The Paris Peace Conference negotiations took place from January to May 1919, while the women's conference convened from mid-February to mid-April. On 10 February, when the women's conference opened, Thomson and Louise Compain, a writer and member of the French Union for Women's Suffrage, began serving as editors and translators to the women's conference secretary, Suzanne Grinberg, a lawyer, vice-president of the Association du Jeune Barreau in Paris, and secretary of the central committee of the French Union for Women's Suffrage. Constance Drexel, a German-American newspaper reporter, wrote daily dispatches for the Chicago Tribune Foreign News Service and collaborated with the women delegates throughout the conference.

On 11 February, a delegation led by chair Millicent Fawcett, a leader in the British suffrage movement and president of the National Union of Women's Suffrage Societies, called on Wilson. The delegation included Zabel Yesayan of Armenia, who brought a report about women in Armenia and Macedonia being captured during the war and detained in harems; Margherita Ancona, president of the National Pro Suffrage Federation for Italy; and Nina Boyle (Union of South Africa), a member of the Women's Freedom League and a journalist. Belgian delegates included Jane Brigode, president of the Belgian Federation for Suffrage and Marie Parent, president of the Belgian National Council of Women and League for Rights of Women. Also present were British delegates Ray Strachey, a member of the National Union of Women's Suffrage Societies and Rosamond Smith. The French women who participated in the delegation were de Witt-Schlumberger; Cécile Brunschvicg, a founder of the French Union for Women's Suffrage and its first general secretary; and Marguerite Pichon-Landry, chair of the legislation section of the National Council of French Women. The delegates from the US were Katharine Bement Davis, head of the US government's Women's Department of Social Hygiene; Florence Jaffray Harriman, chair of the Women's Committee of the Democratic Party; and Juliet Barrett Rublee, a member of the National Birth Control League and the Cornish [New Hampshire] Equal Suffrage League. The delegation asked if a Women's Commission could be included in the conference to address the concerns of women and children. At the meeting Wilson suggested, instead, that the male diplomats from the peace conference form a Women's Commission to which the Inter-Allied Women's Conference could serve as advisers.

The following day, an almost identical delegation to that which had met with Wilson, met with French President Raymond Poincaré and his wife, Henriette, at the Élysée Palace. It included de Witt-Schlumberger, Ruth Atkinson, president of the Nelson, New Zealand branch of the Woman's Christian Temperance Union, and delegates from Belgium, France, Italy, the UK, and possibly Australia. Also present were three women from the US: Harriman, Rublee, and Harriet Taylor, head of the YMCA in France. On 13 February, Wilson took the request to the Council of Ten—Arthur Balfour (UK), Georges Clemenceau (France), Robert Lansing (US), Baron Nobuaki Makino (Japan), Viscount Alfred Milner (UK), Vittorio Orlando (Italy), Stephen Pichon (France), Sidney Sonnino (Italy), and Wilson—along with the Maharaja of Bikaner Ganga Singh (India) and other dignitaries. Once again the women's proposal was dismissed, with Prime Minister Clemenceau recommending that they be referred to work with the Commission on Labour.

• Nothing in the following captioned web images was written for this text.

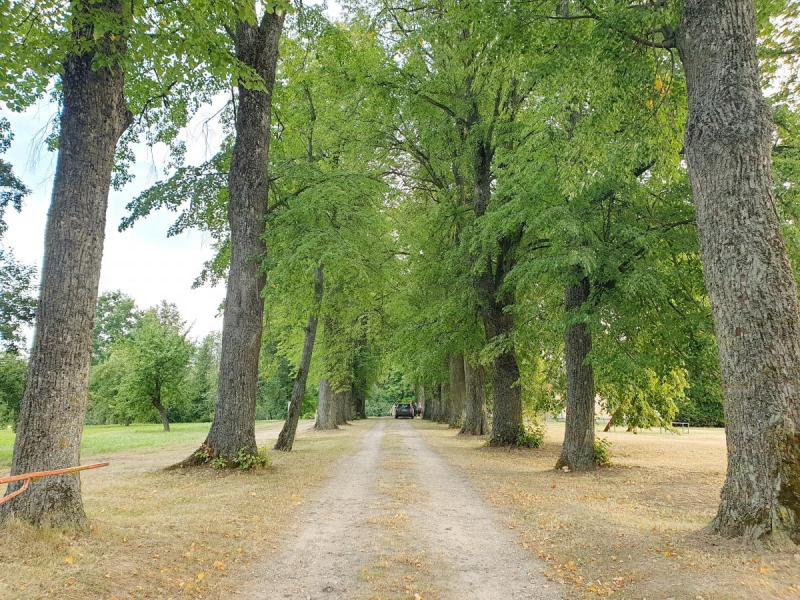 Žadeikių dvaras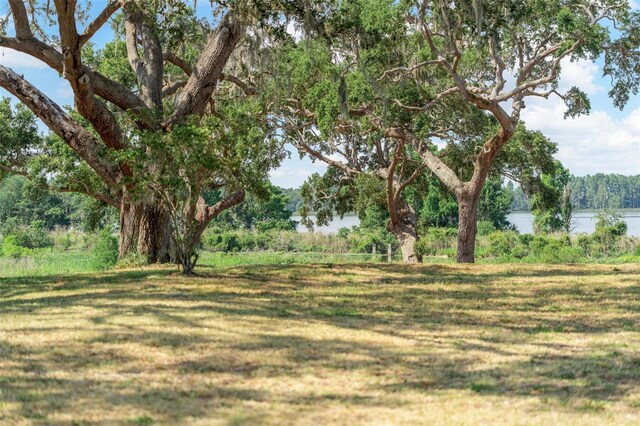 12133 Stonelake Ranch Blvd, Thonotosassa, FL 33592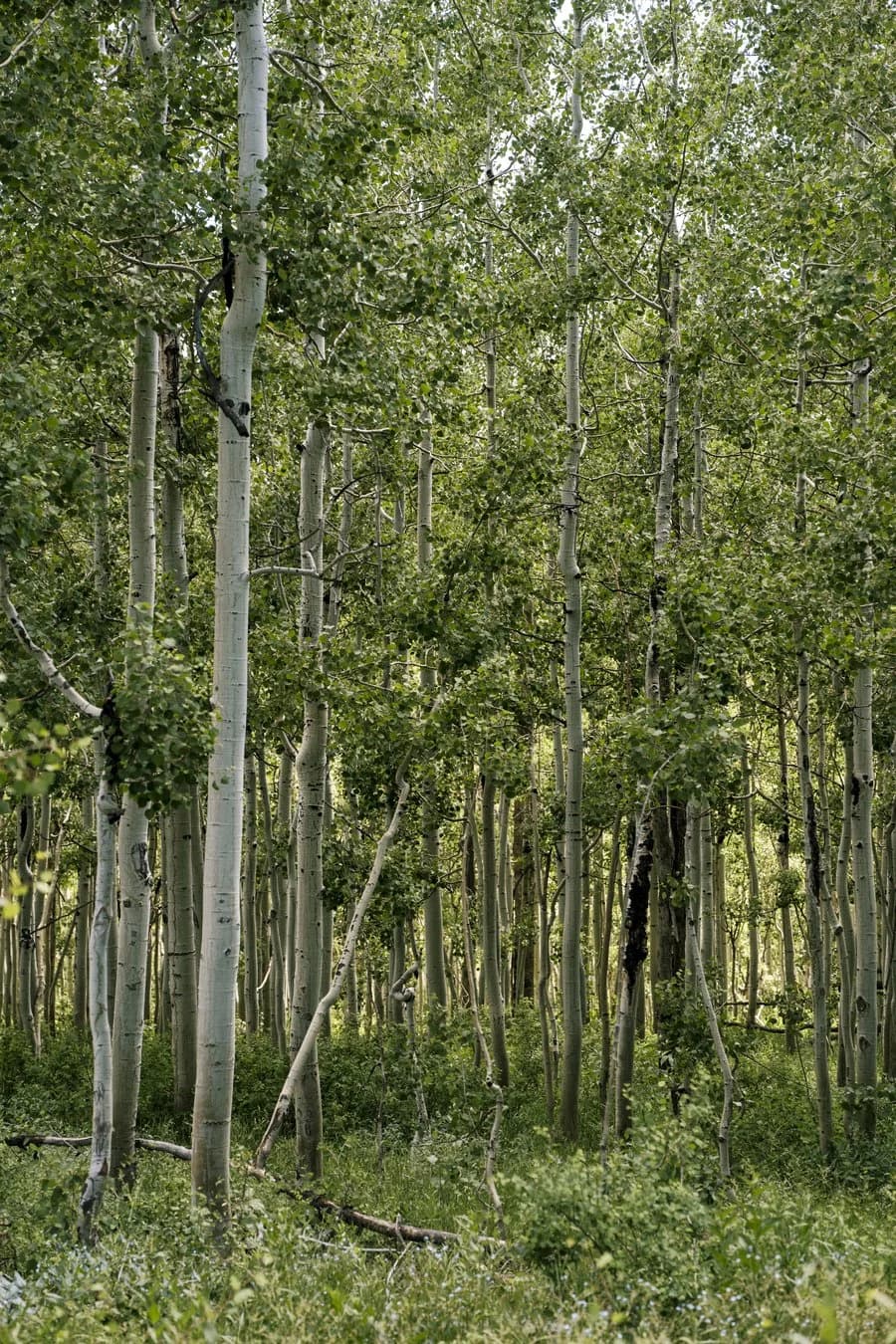 Environmental sustainability
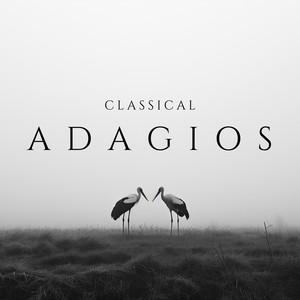 Classical Adagios - Symphony No. 92 in G Major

Their dismissal did not stop the women from attempting to gain support from the peace conference delegates. They met with Jules Cambon, Paul Hymans and Poincaré, all of whom agreed that the women's input on such issues as deportations from Armenia, Belgium, Greece, France, Poland, and Serbia and the sale of women in Greece and the Ottoman Empire were pertinent issues on which a women's commission might gather data. At the end of February, some of the women who had come from Britain returned home and were replaced in early March by Margery Corbett Ashby, a member of the executive board of the National Union of Women's Suffrage Societies, and Margery Fry, a penal reformer, who at one time was president of the Birmingham branch of the National Union of Women Workers and a member of the Constitutional Society for Women's Suffrage. Also by the end of February, Graziella Sonnino Carpi of the National Women's Union (Unione femminile nazionale) of Milan and Eva Mitzhouma of Poland had joined the women's conference.

===March===
The women's conference delegates met with peace conference delegates from 16 countries, hoping to generate support at least for allowing women to sit on committees likely to deal with issues concerning women and children. A second delegation of women, led by de Witt-Schlumberger, met with the Council of Ten, without Wilson present, on 11 March. The Peace Conference delegates who were present agreed to allow the women an audience with the Commission on International Labour Legislation and the League of Nations Commission. While an audience was far less than the women wanted, allowing them formal participation in an international treaty negotiation was unprecedented.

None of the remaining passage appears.